Владимир Андреич, подскакавший как раз и соскочивший с коня, поднял Дмитрия за плечи.
— Я брат твой, — сказал.
Ран на теле великого князя не было, только синяки и ушибы, да от вдавленного в тело железа затруднило дыхание в груди. Омытый водою и напоенный, Дмитрий скоро пришел в себя. Он сидел, икая, вытаращив глаза, большой, толстый и жалкий, с мокрым от слез и воды лицом, с налипшими спутанными волосами; сидя в волглой рубахе — за чистою сорочкой для князя только что поскакал холоп — и озирая столпившихся вокруг бояр и ратников, все не мог понять, что это не разгром, не конец, что Мамай бежит и они победили.
Боброк подъехал, соскочил с седла, строго потребовал:
— Вина! — Сам обтер походным убрусом, смоченным в вине, лицо и ожерелок князю, шепнул: — Поддержись, смотрят на тя!
Князя подняли. Он стоял на дрожащих ногах и, пока вытирали, пока переодевали в чистые порты и рубаху, в новую ферязь, все не понимал ничего, а посаженный на коня, едва не упал. И, только уж едучи по стану, уразумел, что, верно, победа и он победитель, а не побежденный, как мнил и думал доднесь. Князя уложили в шатре, напоили горячим. Теперь, когда самое страшное осталось назади — Дмитрий жив, и не будет роковой при за престол, — следовало озаботить себя судьбою раненых, навести разрушенные утром мосты через Дон и похоронить трупы.

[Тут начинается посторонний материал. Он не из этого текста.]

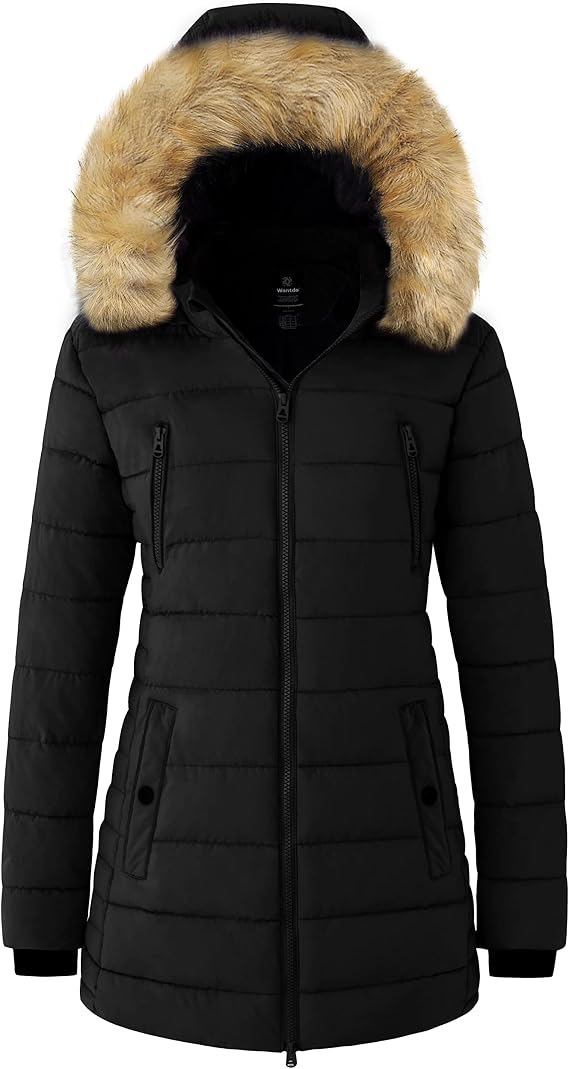 wantdo Women's Warm Winter Coat Heavy Puffer Jacket Faux Fur Hood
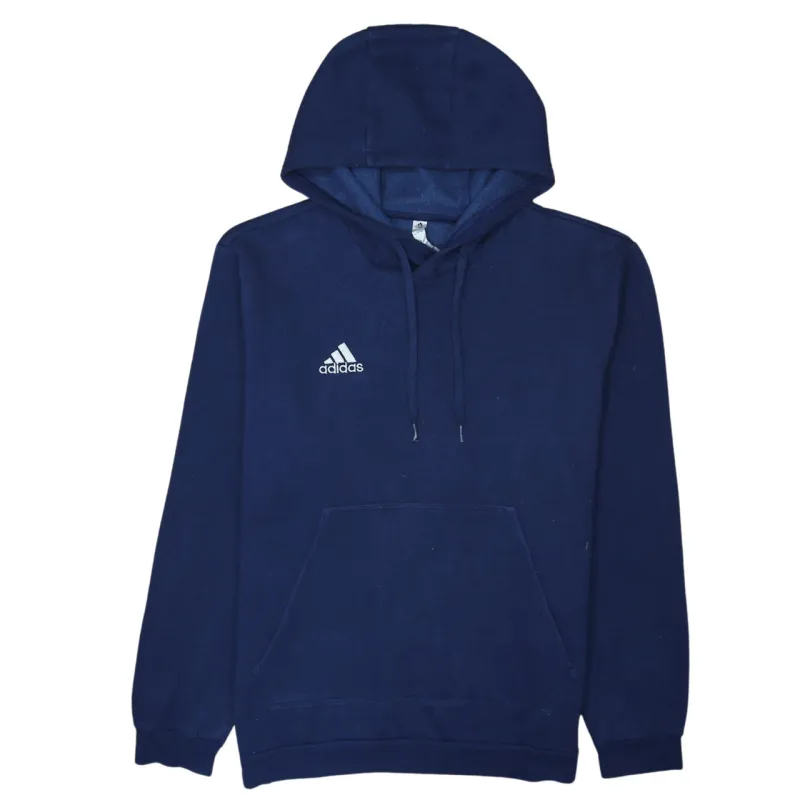Adidas 90's Drawstring Pockets Pullover Hoodie Large Navy Blue sold by Vintage Club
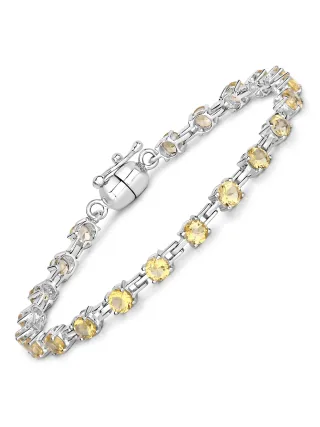 Vira Jewels Armband 925-Sterling Silber rhodiniert Citrin rund
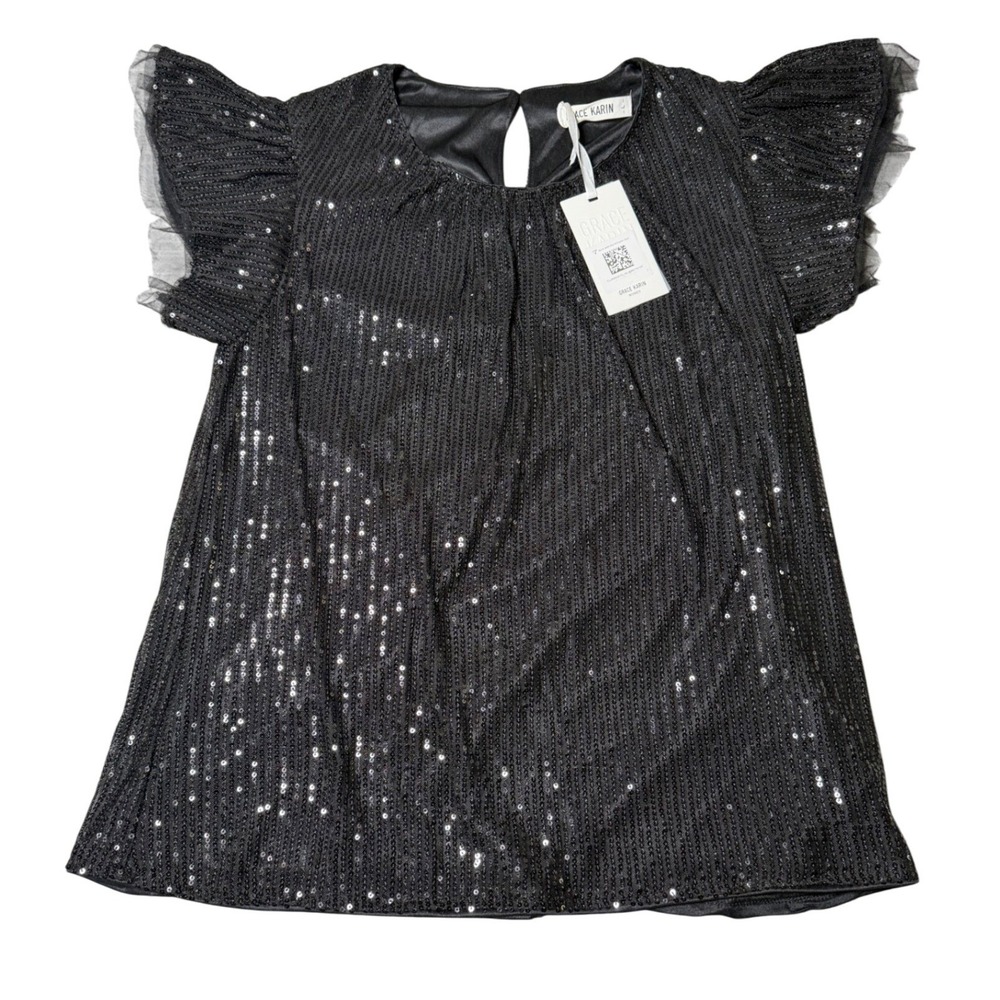 Grace Karin Black Sequin Flutter Sleeve Blouse Top Keyhole Back Large CL2846S24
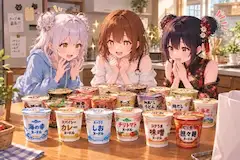 「これだけあると、どれを食べようか迷っちゃうね♪」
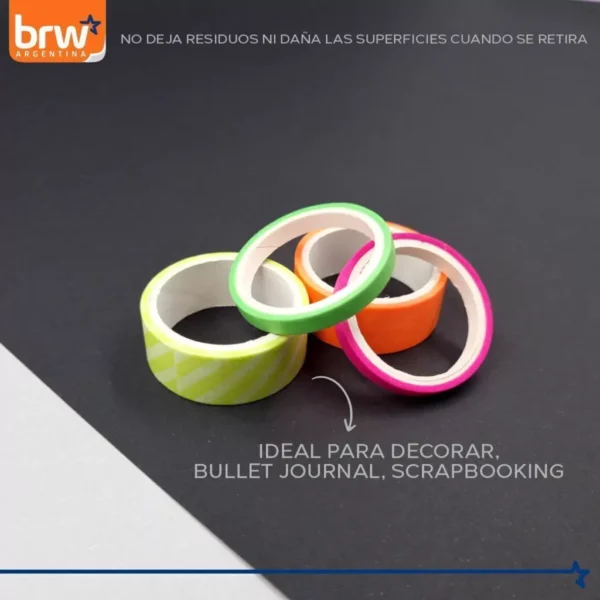 CINTA BRW " NEON X 4 UNIDADES " 3 MTS WASHI TAPE DECORATIVA - Imagen 6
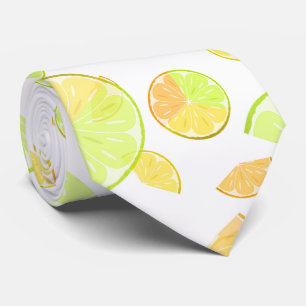 Watercolor lemons tie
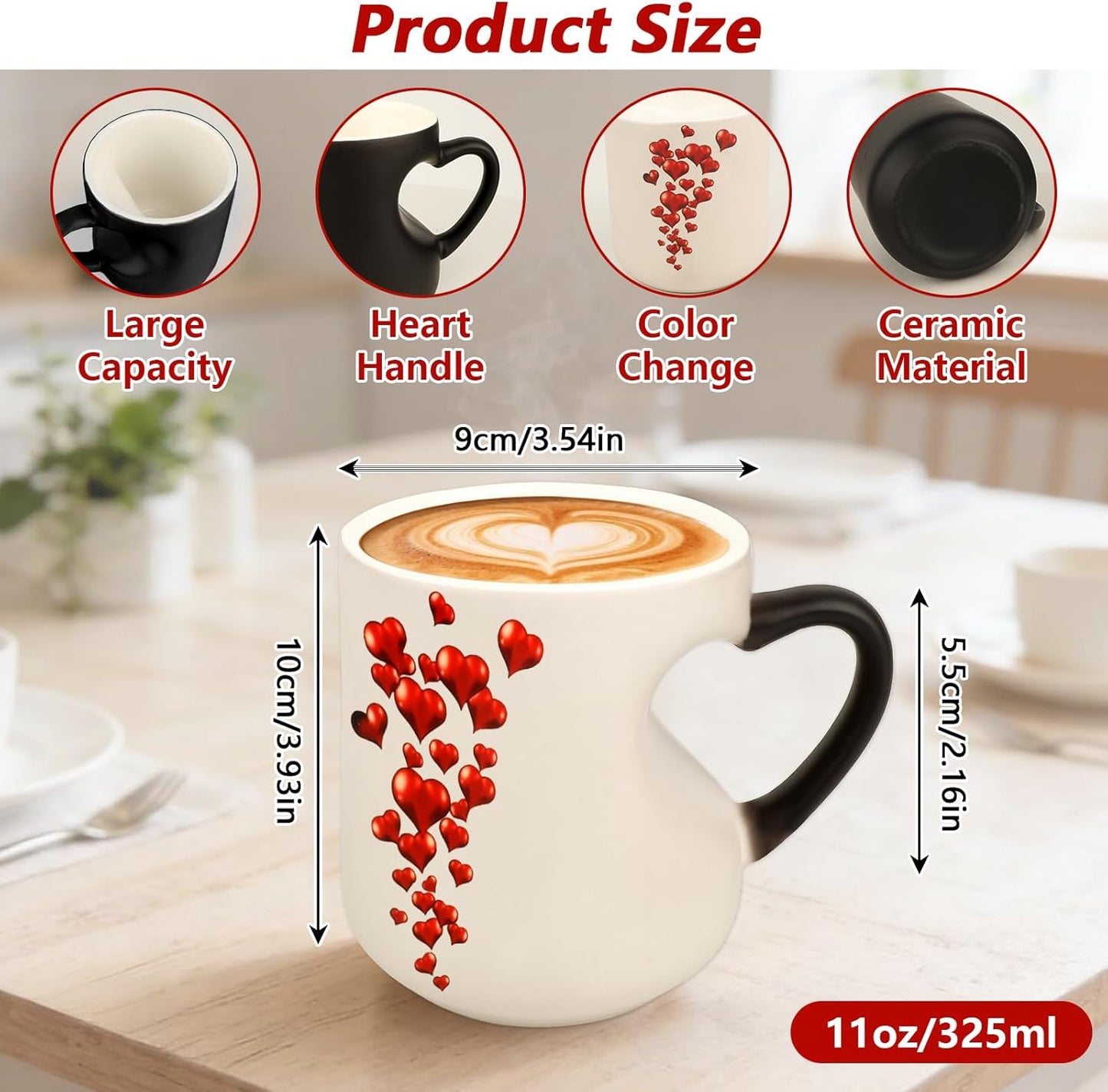 Taza cerámica café con diseño corazón 11oz negro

Вызвездило. Ветер утих. Ночь была задумчива и спокойна. Вот здесь, кажется, здесь они о Дмитрием, что сейчас лежит и стонет в шатре, слушали ночной голос тогда еще не потревоженной степи. На Непрядве тревожно кричали лебеди. Выли волки. Волки подвывали и сейчас, пробегали кустами, подбираясь к трупам. Боброк опустил взгляд вниз. Конь всхрапнул, поматывая мордой и отступая. Крест-накрест, как свалились друг на друга, лежали убитые тут русские воины. Какой-то светловолосый отрок, инок с крестом, верно, шел, поднявши крест, вместе с полками, да так и умер, сжимая святыню в руке, а у него на ногах, размахнувши тяжелую длань и устремив отверстые глаза в небо, свалился, точно в хмельном подпитии, ерник и драчун, один из первых кулачных бойцов на Москве, не веровавший, по собственному признанию, ни в Бога, ни в черта, в порванной на груди кольчуге, в рубахе красной, потемнелой от засохшей крови. Боброк, кажется, даже и узнал мертвого, видел мельком в кулачном бою на Москве-реке. Теперь они лежали рядом, один и другой, добрыми друзьями, дети одного народа, спасшие днесь, на поле бранном, свое грядущее бытие.